Copy only what lies from the line containing "Donatas Motiejunas (vlevo)" through the line containing "Pode incluir: Close-up" in the entries below, keeping both end lines exact and dropping every picture.

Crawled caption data
+---+

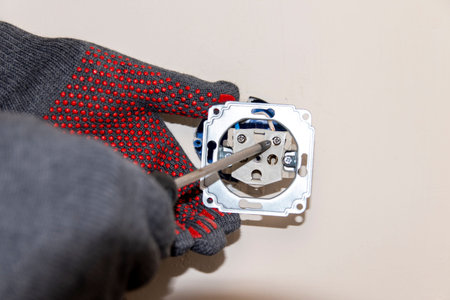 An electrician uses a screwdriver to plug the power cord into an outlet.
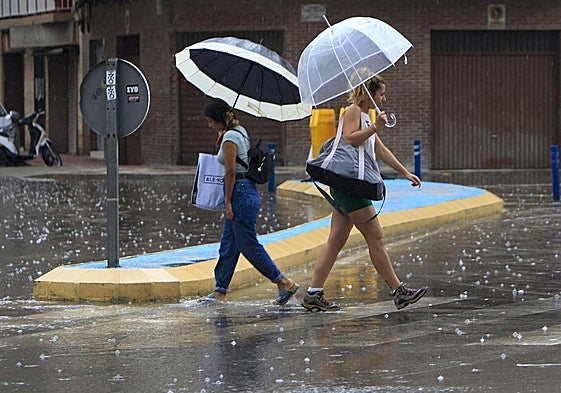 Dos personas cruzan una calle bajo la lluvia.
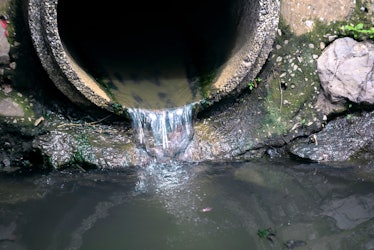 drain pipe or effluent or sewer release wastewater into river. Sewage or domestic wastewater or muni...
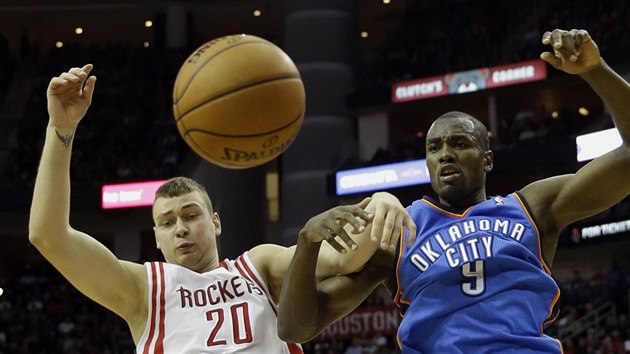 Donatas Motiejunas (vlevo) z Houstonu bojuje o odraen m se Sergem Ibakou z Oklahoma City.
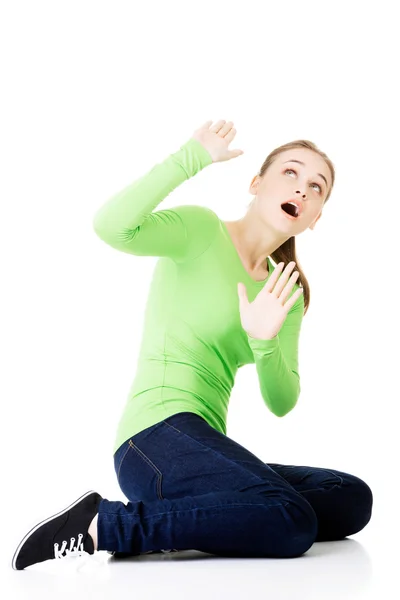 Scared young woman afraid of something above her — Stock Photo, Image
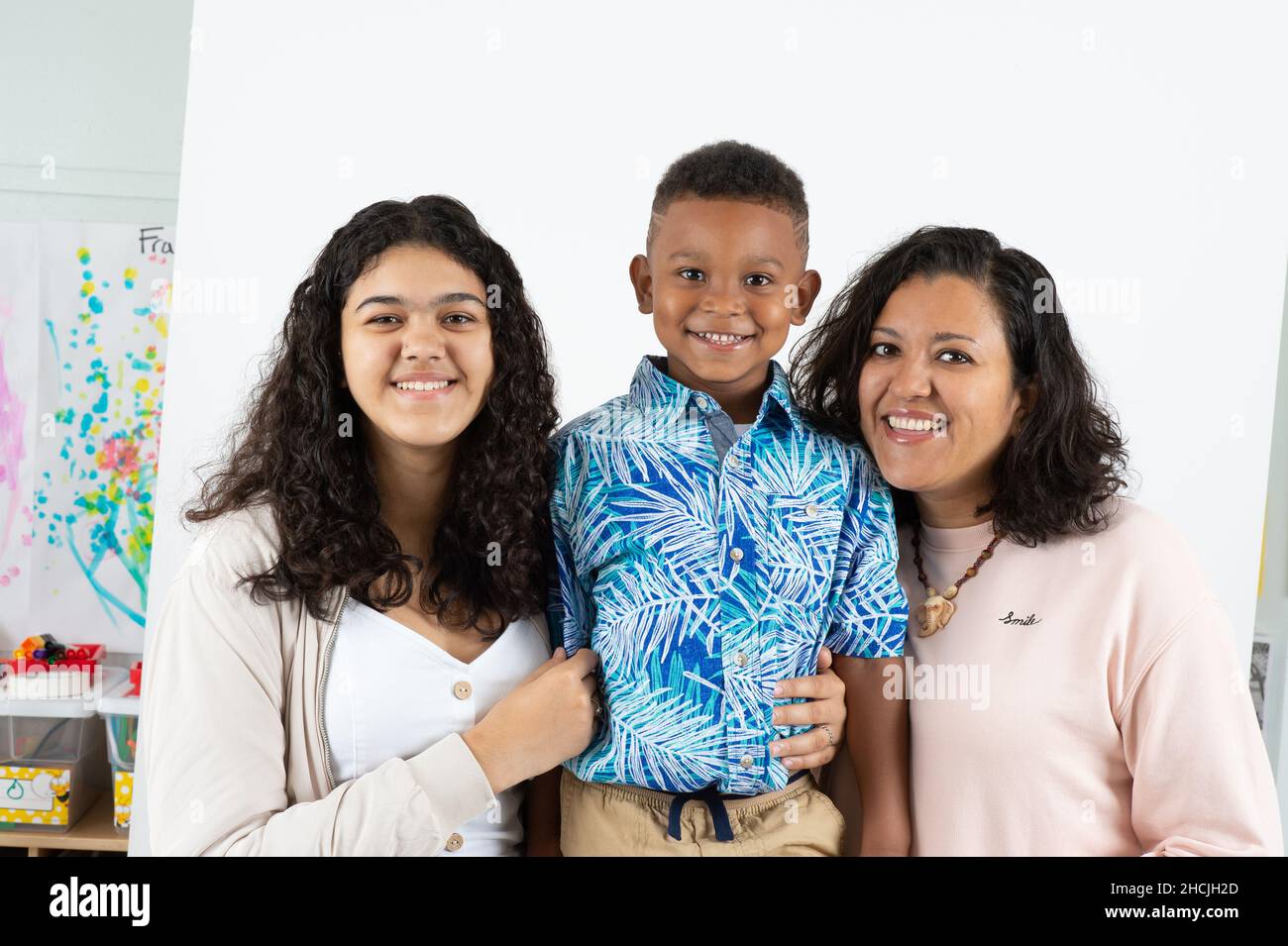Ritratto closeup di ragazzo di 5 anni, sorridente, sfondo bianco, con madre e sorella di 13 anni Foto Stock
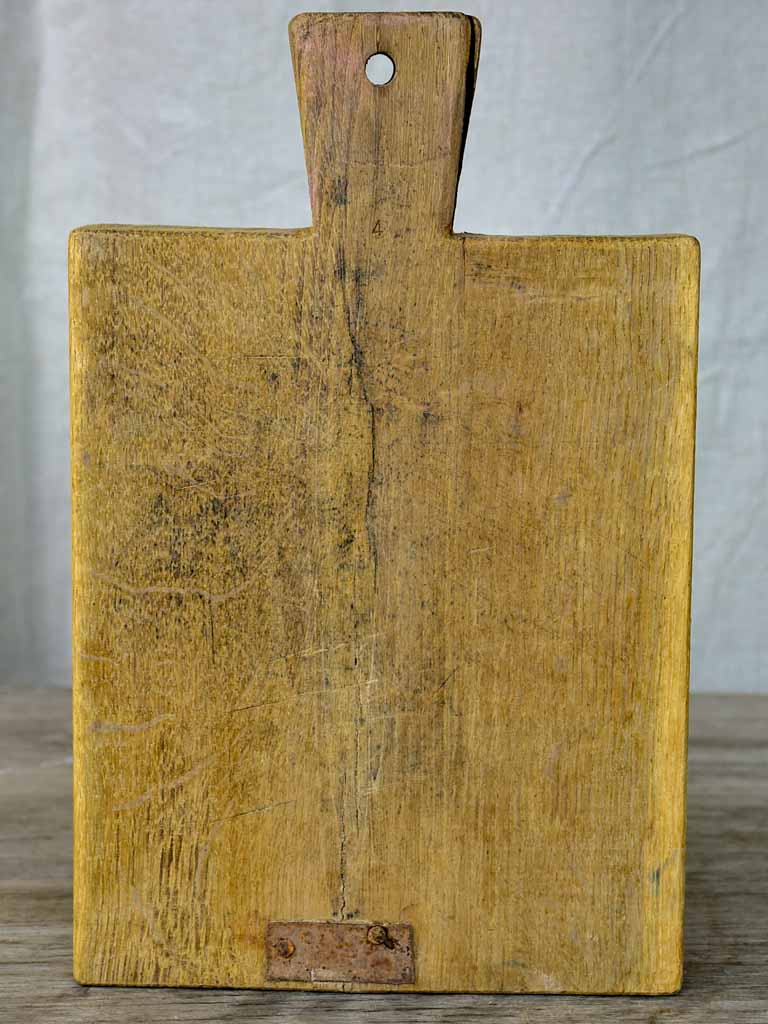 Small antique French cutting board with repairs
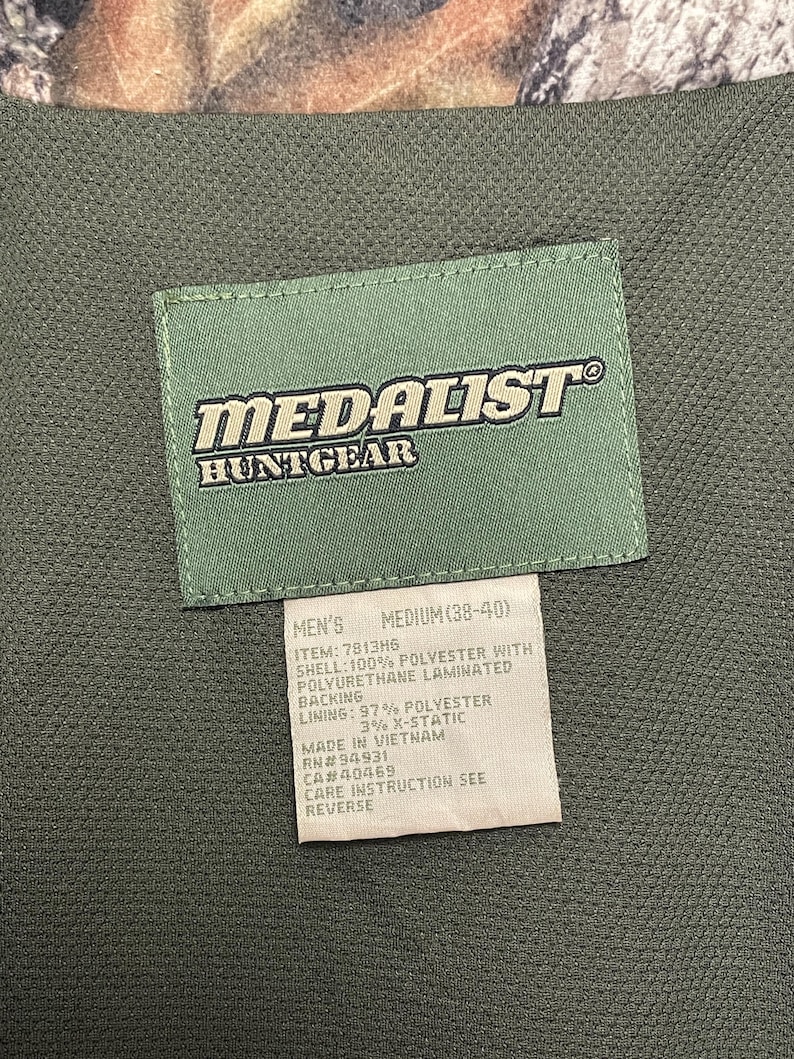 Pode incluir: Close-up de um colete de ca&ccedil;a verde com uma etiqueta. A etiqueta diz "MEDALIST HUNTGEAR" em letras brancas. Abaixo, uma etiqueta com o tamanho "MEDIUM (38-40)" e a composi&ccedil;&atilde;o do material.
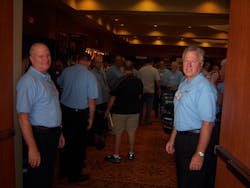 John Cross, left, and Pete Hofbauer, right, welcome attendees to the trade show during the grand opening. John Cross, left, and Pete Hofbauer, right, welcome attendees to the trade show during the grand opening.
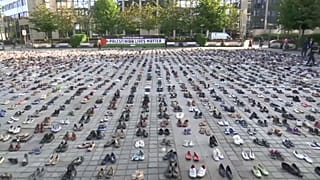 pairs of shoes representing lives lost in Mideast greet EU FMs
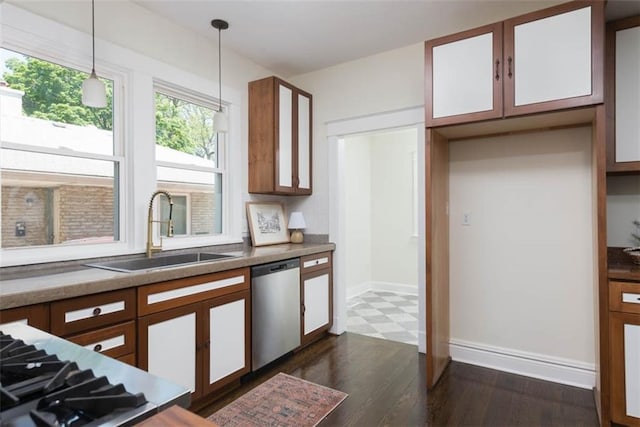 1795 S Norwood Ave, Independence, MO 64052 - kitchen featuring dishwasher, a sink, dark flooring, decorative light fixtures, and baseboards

+---+

= ANSWER SPACE =
 Donatas Motiejunas (vlevo) z Houstonu bojuje o odraen m se Sergem Ibakou z Oklahoma City.
 Scared young woman afraid of something above her — Stock Photo, Image
Ritratto closeup di ragazzo di 5 anni, sorridente, sfondo bianco, con madre e sorella di 13 anni Foto Stock
 Small antique French cutting board with repairs
 Pode incluir: Close-up de um colete de ca&ccedil;a verde com uma etiqueta. A etiqueta diz "MEDALIST HUNTGEAR" em letras brancas. Abaixo, uma etiqueta com o tamanho "MEDIUM (38-40)" e a composi&ccedil;&atilde;o do material.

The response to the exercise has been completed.